Page 12 of The Dating Coach (Hearts on Ice #4)
The motel room was exactly what you'd expect from a place called "The Highway Haven"—wood paneling that had seen better decades, a carpet pattern designed to hide stains, and a painting of a lighthouse that seemed to watch us with judgment.
The nor'easter had turned what should have been a three-hour drive home from the cabin into a highway shutdown, forcing six people to cram into the last available room at the only motel for miles.
"At least it has three beds," Karen said optimistically, then immediately claimed one by throwing herself across it. "Dibs on this majestic queen-sized throne!"
"That's a double at best," Henry corrected, eyeing the bed with suspicion. "And I'm pretty sure something died in that comforter. Recently."
"Then it's haunted and therefore more interesting," Karen declared. "Frank, Mia, we're having a séance later. BYOB – Bring Your Own Banshee."

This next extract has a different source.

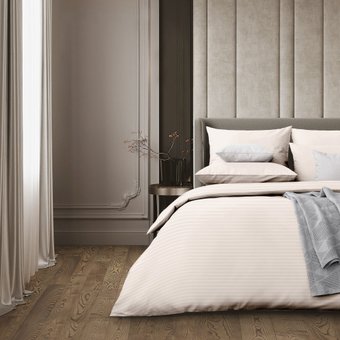 2-спальный комплект постельного белья Verossa Stripe Antique White 2сп VRT 2080 70243 ST13 23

I stood by the door, dripping steadily onto the questionable carpet, trying not to look at Liam.
The front desk clerk had assumed we were three couples, and neither of us had corrected him when he'd handed over the keys with a knowing wink.
Now we were here, in a room that seemed to shrink with every passing second, and I had no idea how to navigate this.
"I'll take the chair," Liam offered immediately, gesturing to a vinyl monstrosity in the corner that looked like it had survived from the 1970s through sheer spite.
"Don't be ridiculous," I said. "You're six-two. You won't fit."
"I've slept in worse places," he insisted. "This is luxury compared to sleeping on a bus floor."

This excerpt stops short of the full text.